**Task to complete**
Every line below must be reproduced exactly; no pictures are to be included.

**Input**
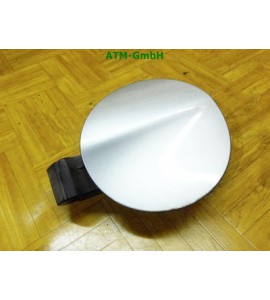 Tankklappe Tankdeckel Peugeot 2008 Farbcode KCA Farbe Grau Artense Metallic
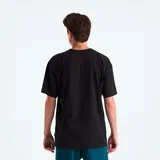 Camiseta negra de algodón, corte oversize, cuello redondo y manga corta. Logo de la marca bordado en el pecho.
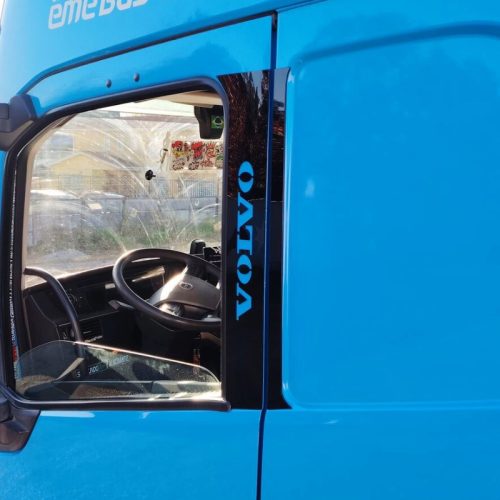 PAR PILARES VOLVO "NEW BLACK"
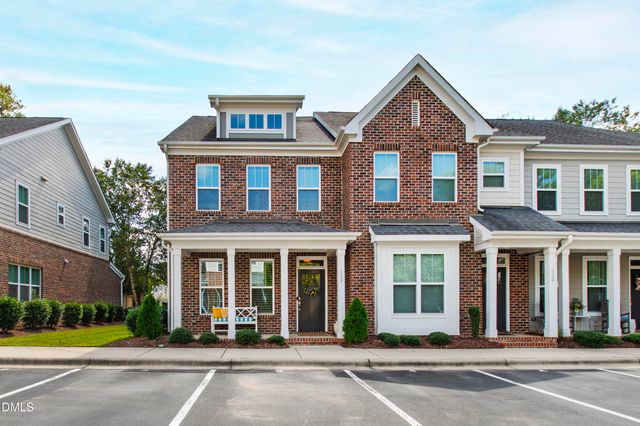 528 Ledbetter Court, Raleigh, NC 27608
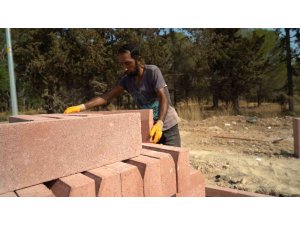 Konyaaltı’nda yol ve kaldırımlara kış bakımı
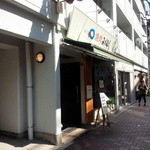 Yakiniku Okumura - 麻布十番商店街の西側の端にあるお店です。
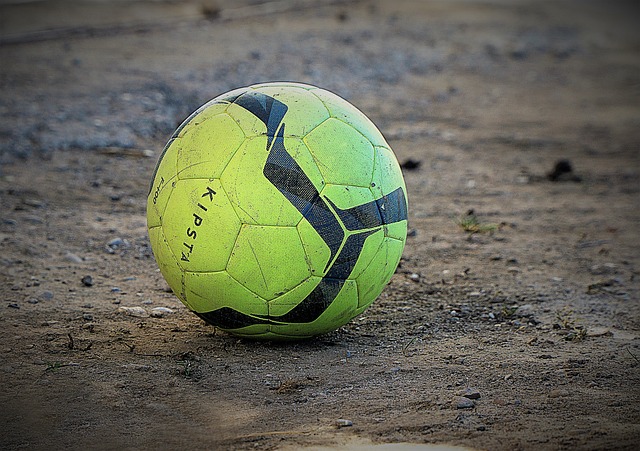 佩工：皮球先打在球员身上再弹到手上，裁判硬造了一个点球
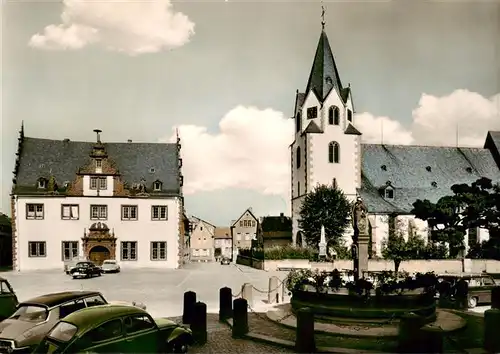 AK / Ansichtskarte  Gross-Umstadt Rathaus Brunnen Kirche Gross-Umstadt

**Result below**
 Tankklappe Tankdeckel Peugeot 2008 Farbcode KCA Farbe Grau Artense Metallic
 Camiseta negra de algodón, corte oversize, cuello redondo y manga corta. Logo de la marca bordado en el pecho.
 PAR PILARES VOLVO "NEW BLACK"
 528 Ledbetter Court, Raleigh, NC 27608
 Konyaaltı’nda yol ve kaldırımlara kış bakımı
 Yakiniku Okumura - 麻布十番商店街の西側の端にあるお店です。
 佩工：皮球先打在球员身上再弹到手上，裁判硬造了一个点球
 AK / Ansichtskarte  Gross-Umstadt Rathaus Brunnen Kirche Gross-Umstadt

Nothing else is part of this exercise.